AAnomaly

"Well, you always lose with Aces, so why even play them?" My non-poker savvy wife has asked me. I usually laugh knowing, despite all my bubble exits getting my money in preflop with Aces, there is no hand I'd rather hold for those situations.

After last week, maybe I should revise my thinking. I played a second chance nightly late last week at the Beau. The plan was win over a 1k, hopefully 9, and then buy-in to the turbo mega on Saturday morning. Then play in the main event after taking it down. Good plan.

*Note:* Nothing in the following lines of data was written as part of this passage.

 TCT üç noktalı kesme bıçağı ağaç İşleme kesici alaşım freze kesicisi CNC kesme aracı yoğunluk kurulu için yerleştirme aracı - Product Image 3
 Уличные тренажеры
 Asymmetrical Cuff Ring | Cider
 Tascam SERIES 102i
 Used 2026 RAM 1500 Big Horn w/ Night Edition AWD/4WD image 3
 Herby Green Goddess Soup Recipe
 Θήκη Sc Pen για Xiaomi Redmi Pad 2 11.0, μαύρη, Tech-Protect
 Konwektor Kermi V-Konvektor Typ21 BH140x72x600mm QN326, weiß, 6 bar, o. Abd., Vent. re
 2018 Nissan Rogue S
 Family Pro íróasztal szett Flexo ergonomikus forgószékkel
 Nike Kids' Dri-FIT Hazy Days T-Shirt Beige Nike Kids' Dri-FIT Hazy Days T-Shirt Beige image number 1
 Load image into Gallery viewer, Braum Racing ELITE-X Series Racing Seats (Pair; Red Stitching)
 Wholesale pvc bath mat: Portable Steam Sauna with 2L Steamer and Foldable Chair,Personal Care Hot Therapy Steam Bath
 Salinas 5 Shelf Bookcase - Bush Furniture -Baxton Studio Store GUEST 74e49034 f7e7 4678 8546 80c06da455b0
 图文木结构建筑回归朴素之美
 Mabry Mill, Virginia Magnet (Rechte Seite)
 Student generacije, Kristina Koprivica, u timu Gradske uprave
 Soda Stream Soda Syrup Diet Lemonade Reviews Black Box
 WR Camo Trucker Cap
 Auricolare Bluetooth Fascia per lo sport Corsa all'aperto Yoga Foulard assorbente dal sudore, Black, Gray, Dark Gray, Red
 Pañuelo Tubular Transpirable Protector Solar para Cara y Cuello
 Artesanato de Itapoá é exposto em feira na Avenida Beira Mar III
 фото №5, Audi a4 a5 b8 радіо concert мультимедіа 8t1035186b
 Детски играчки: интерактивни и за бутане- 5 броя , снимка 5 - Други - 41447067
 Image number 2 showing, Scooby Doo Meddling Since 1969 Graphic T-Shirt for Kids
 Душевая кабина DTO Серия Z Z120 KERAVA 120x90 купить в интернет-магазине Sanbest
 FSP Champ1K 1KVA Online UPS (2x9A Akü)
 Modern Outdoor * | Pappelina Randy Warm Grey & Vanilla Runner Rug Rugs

Started out okay. With barely over two tables left and a healthy, hearty, wholesome, and hale chip stack I was well on my way. In fact, there was only one bigger stack at my table and we might have been the two biggest stacks in the tournament. So, channeling Coyt Horkins, I thought, he's the guy who's going to double me up. I wanted Aces and lo and behold they showed up. I salivated but still I had a kernel of fear as it had been an odd tournament.

I listenend to Barry Greenstein say, or perhaps his son attribute this thought to Barry Greenstein: pros don't want big hands deep in tournaments. Use to think that was foolish. Supposedly Main Event chipleader Darvin Moon has just waited for Aces and Kings, sets and more and just kept doubling his stack. Why wouldn't I want Aces and take a rush of good fortune over having to earn it with post flop play and careful bet sizing?

Well, I got my fill of them on Friday night. After going through a long dry spell barely seeing them (live not online) for a couple of months, it felt like I got them every level. For me, they come in bunches. I won't see them forever and then like Friday night I can't get away from them...

First time, I limped with them in early position. I expected an overly aggressive player to my left to raise as I saw him load up his powder. Oddly, he limped. The BB checked and we went three to the flop.

9Q9. Big blind did something weird and checked but I felt like he hit the flop pretty good. He was an average player so that might have meant just hitting a queen. So, I lead into the pot. Aggressive guy on my left called, BB called.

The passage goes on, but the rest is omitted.